The text of the DGA focusses on certain categories of entities that are likely to authorise the re-use of data: (i) public sector bodies, (ii) data intermediaries and (iii) data altruism organisations. In the short-term, these can be labelled the potential new sources of data for businesses, keeping in mind that the DGA also provides a general framework for data sharing beyond those three categories of data sources, through implementing legislation. 

  • Public sector bodies are authorities or entities established for purposes of general interest with no industrial or commercial character, having legal personality and funded or controlled by public authorities. The DGA does not create a new obligation to allow the re-use of data but creates a framework to facilitate the sharing of such data when it is protected under confidentiality obligations, intellectual property or data protection laws and hence falls outside the scope of the Open Data Directive. It should be noted that the DGA has a carveout for public undertakings, broadcasters and cultural establishments.

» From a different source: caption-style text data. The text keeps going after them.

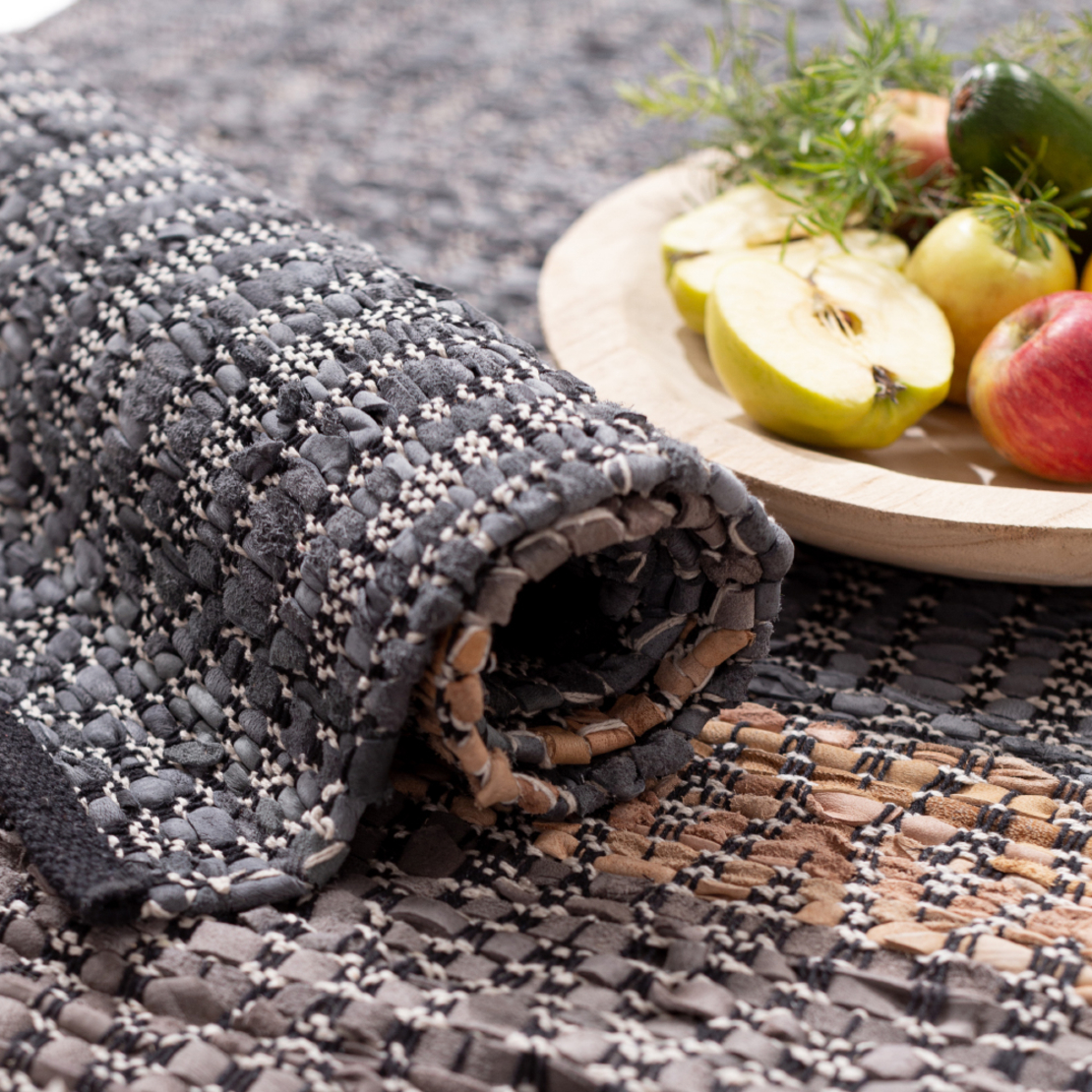 STRIPE CARPET LEATHER GREY BEIGE 60x90cm IN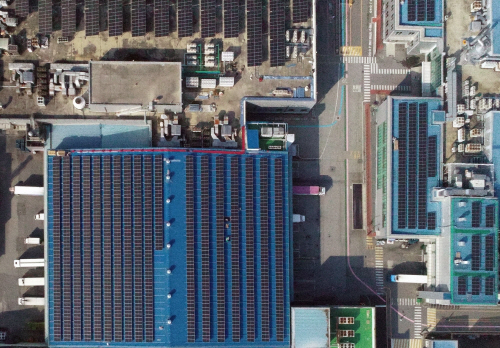CJ제일제당 진천공장 지붕에 설치한 태양광 발전소 모습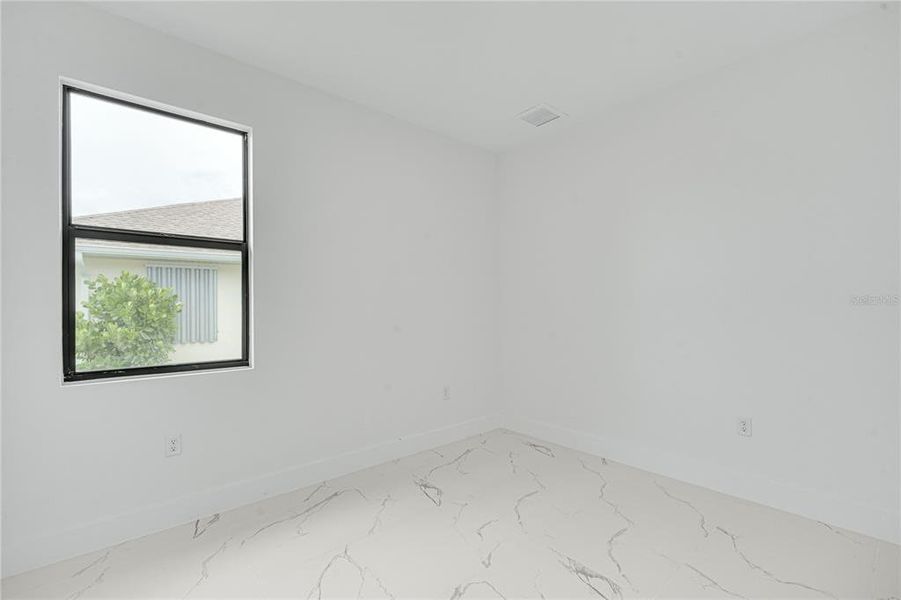 Spacious, unfurnished interior of a new home in , Rotonda West (Image 29).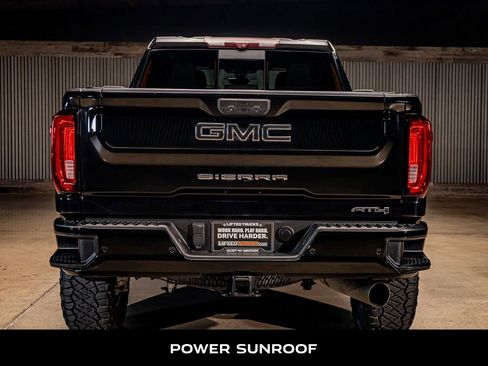 Used 2022 GMC Sierra 2500 AT4 w/ AT4 Premium Plus Package image 7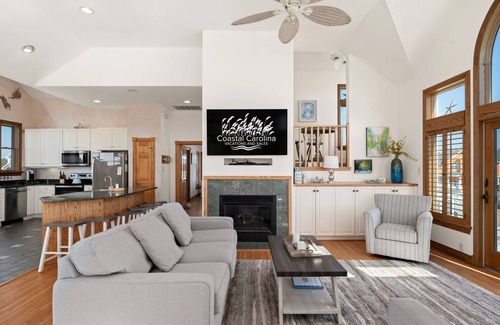 Buck Island House | Salt and Soul Cottage: Private Pool, Hot Tub, Community Pool, Close to Beach!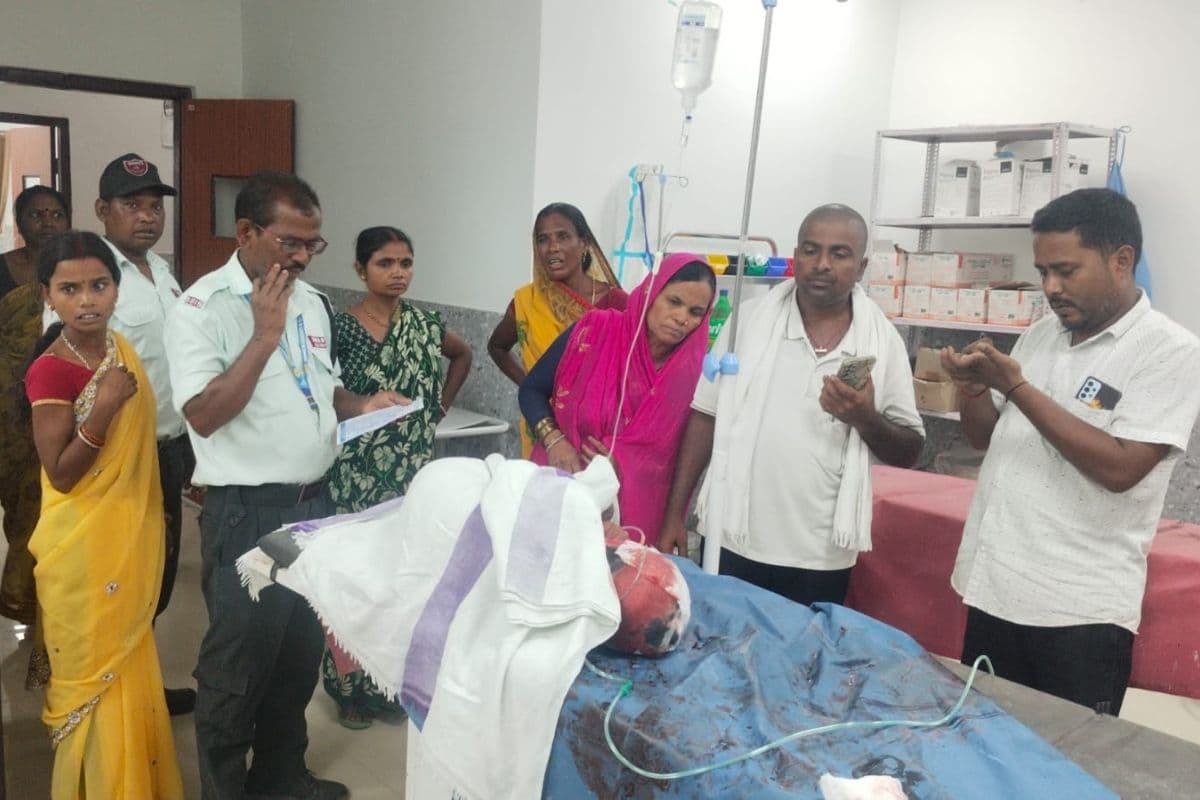 कटोरिया के आवासीय स्कूल में खून से लथपथ मिला LKG का छात्र,  गंभीर हालत में देवघर रेफर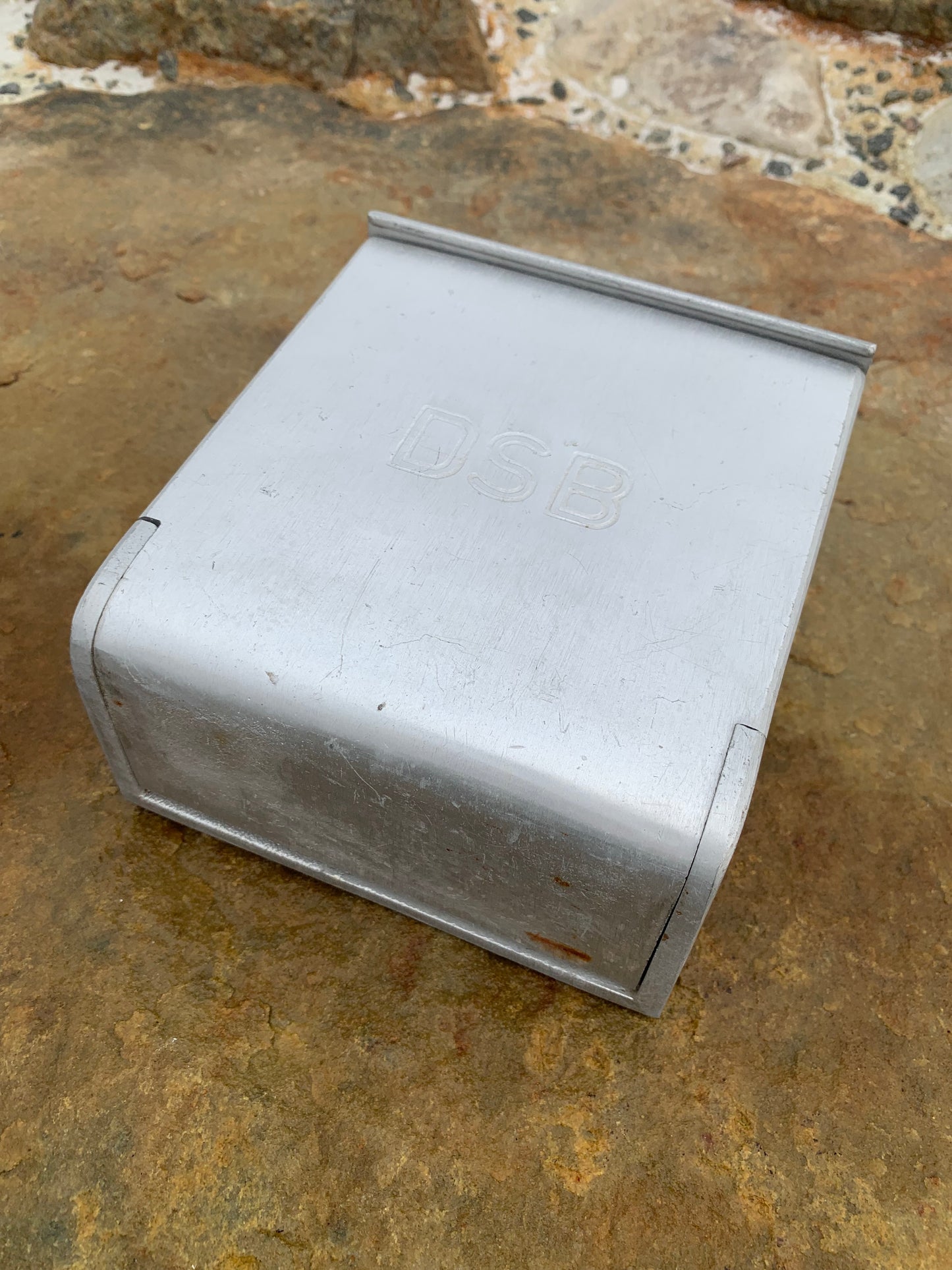 DSB askkopp med logotyp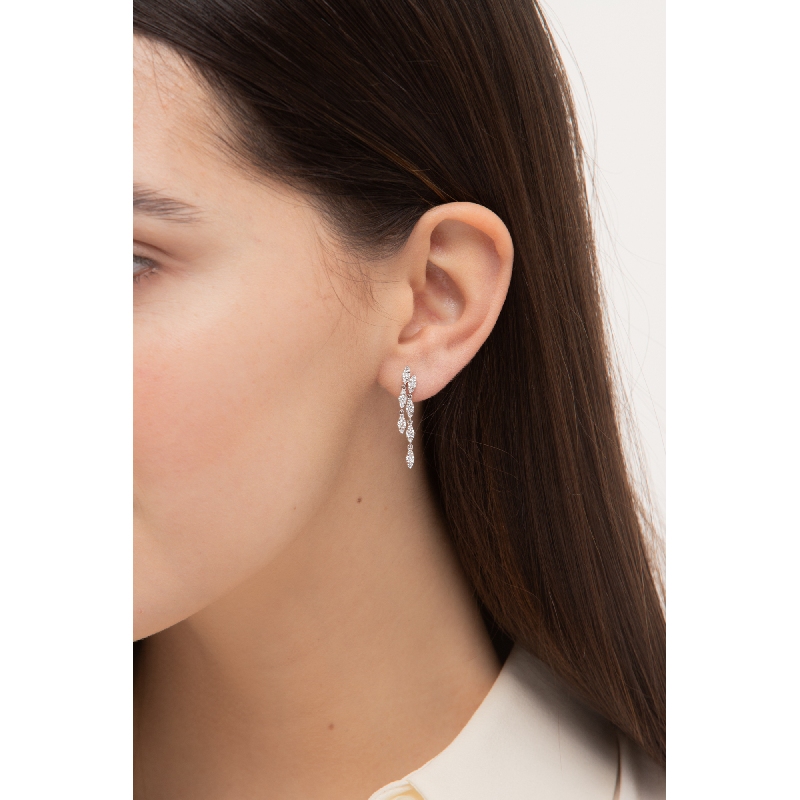 Boucles d'oreilles 2 pendantes en or blanc 18k avec diamants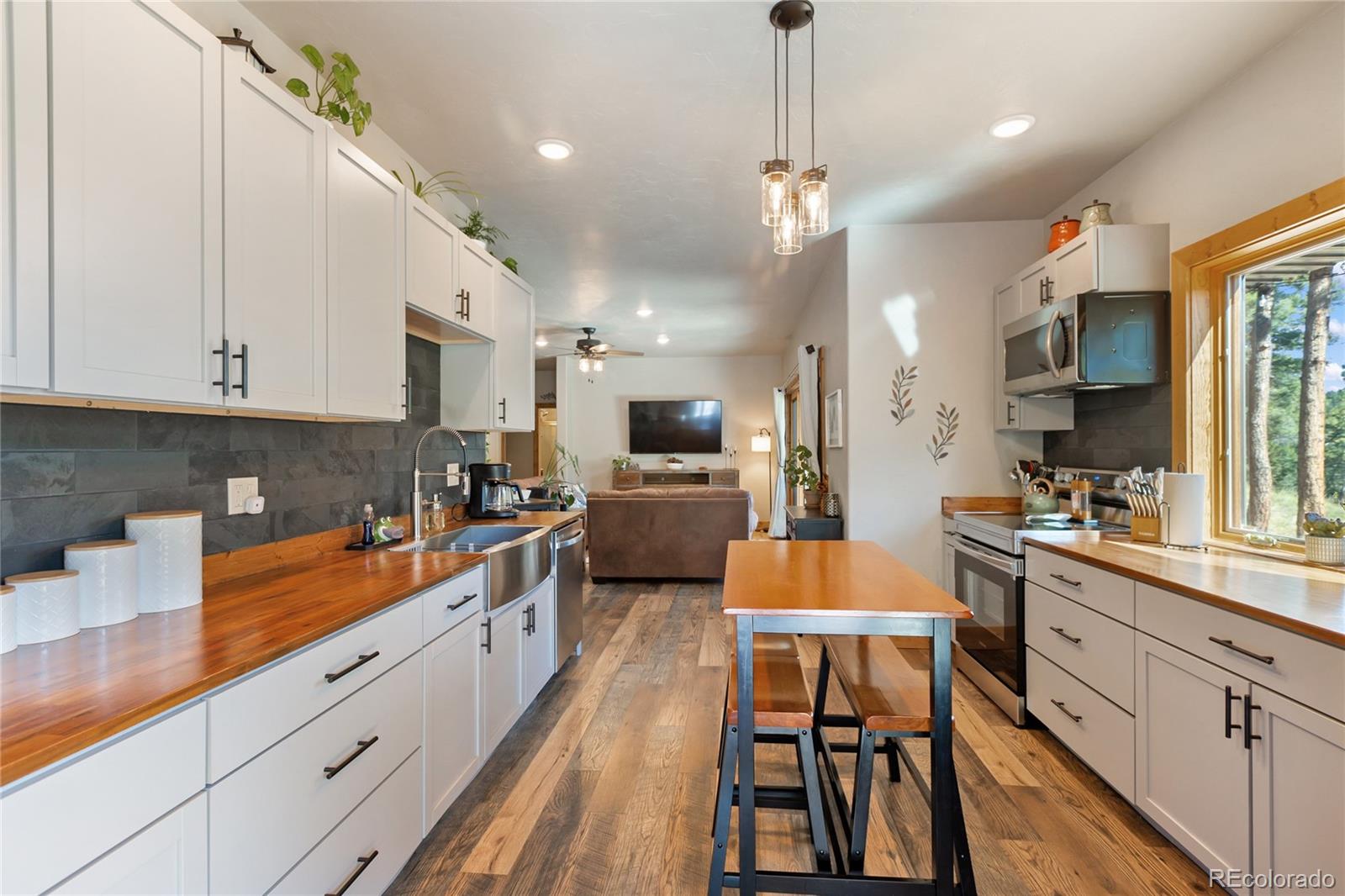 Florissant, Colorado, 80816, United States, 3 Bedrooms Bedrooms, ,3 BathroomsBathrooms,Residential,Active,1945362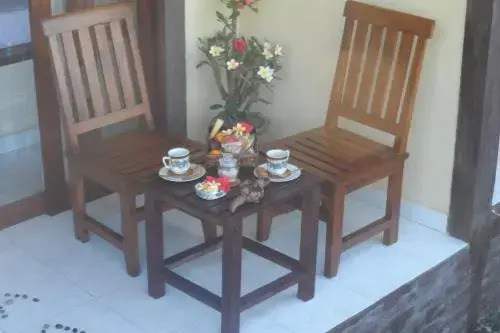 Amed Stop Inn Homestay, Rooftop Restaurant and Bar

Outside these categories, the general range of public sector bodies that possess datasets and have not yet made these available for reuse, could now be requested to share them and would then need to comply with the specific requirements set out in the DGA to accommodate the protection of confidentiality, intellectual property or personal data. 
  • Data intermediaries are a new category of provider that facilitate the sharing of data and aim to establish commercial relationships between several data holders and categories of data users. On the face of it, the Act targets three forms of intermediaries: (i) data exchange services or platforms, (ii) services that enable individuals to control the sharing of their personal data, and (iii) so-called "data cooperatives" that support their members in exercising their rights with respect to data. Categories of traditional services such as web browsers, email services, cloud storage, analytics or data sharing software, are excluded, as are services used in a closed group such as those ensuring the functioning of Internet of Things (IoT) devices or objects. All of this seems to refer to new business models or innovative data services such as implementations of the Solid protocol or the MyData movement. But existing marketplaces or consent management systems could fall under that definition as well, and be subject to the same general obligations as imposed upon all data intermediaries: prior notification to a competent authority of the intention to operate as a data intermediary, based on a mandatory disclosure of data sharing services and activities, rules on independence, and requirements to ensure that the data sharing activities are carried out in an open and transparent manner. 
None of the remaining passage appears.